■ **TO DO**: Your reply must contain the lines from the one with "Bloc notas hojas perfumadas Diddl tendencia" through the last line of the material, exact and complete, with no pictures and no other text.

BEGIN RAW DATA

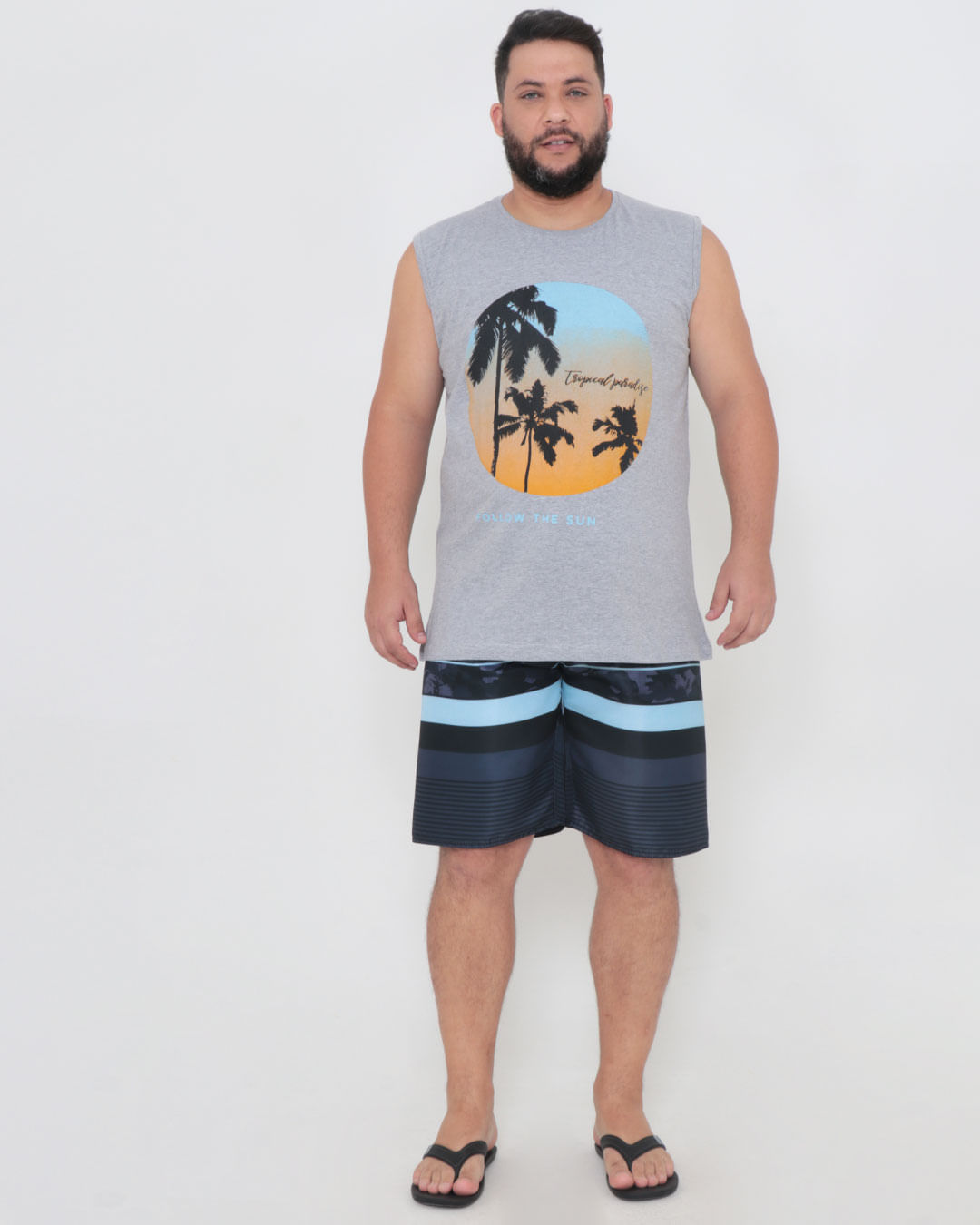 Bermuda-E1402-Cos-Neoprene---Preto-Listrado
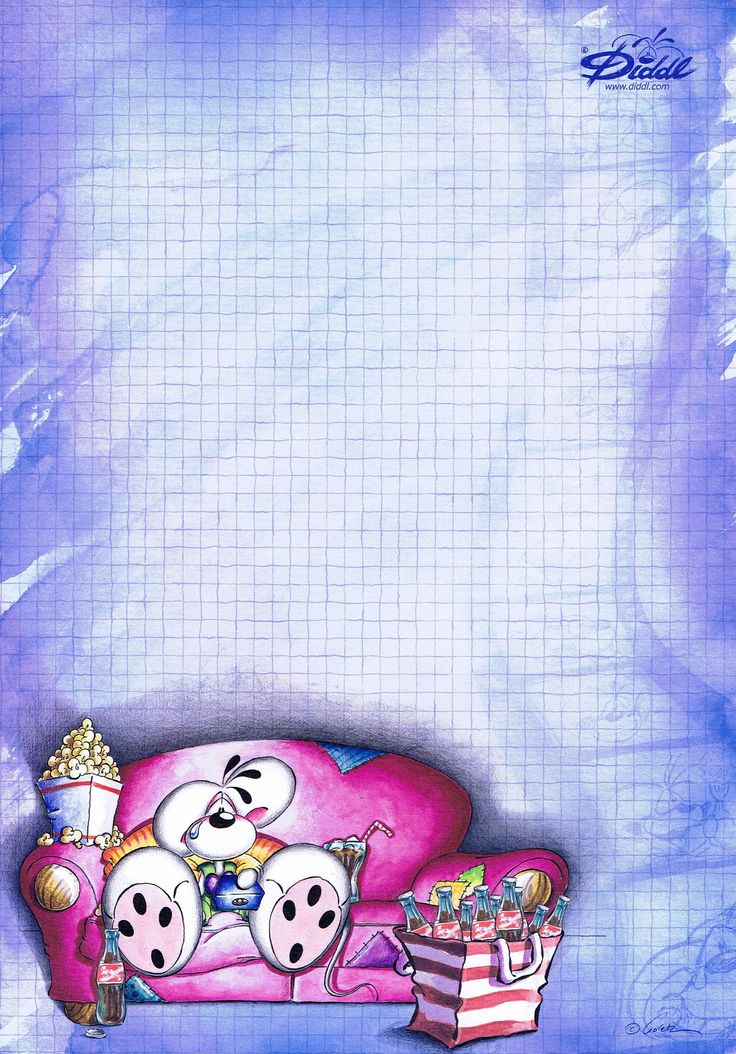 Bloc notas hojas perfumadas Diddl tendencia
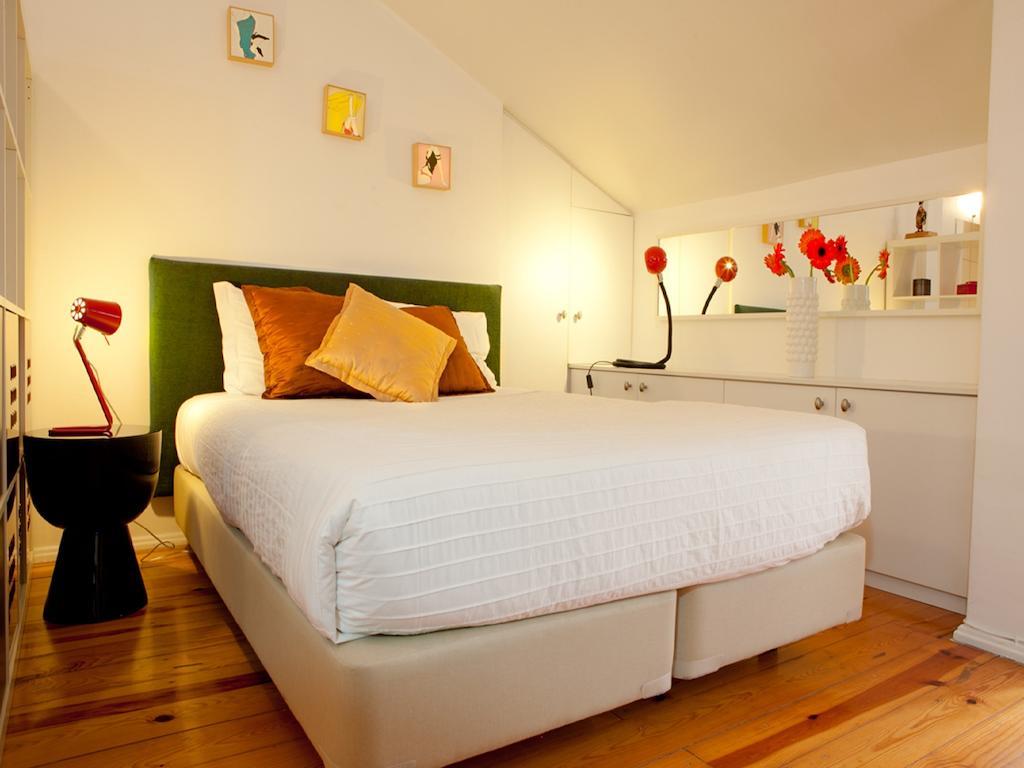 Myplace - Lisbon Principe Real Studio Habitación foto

END RAW DATA

■ **ANSWER TO THE EXERCISE**:
 Bloc notas hojas perfumadas Diddl tendencia
 Myplace - Lisbon Principe Real Studio Habitación foto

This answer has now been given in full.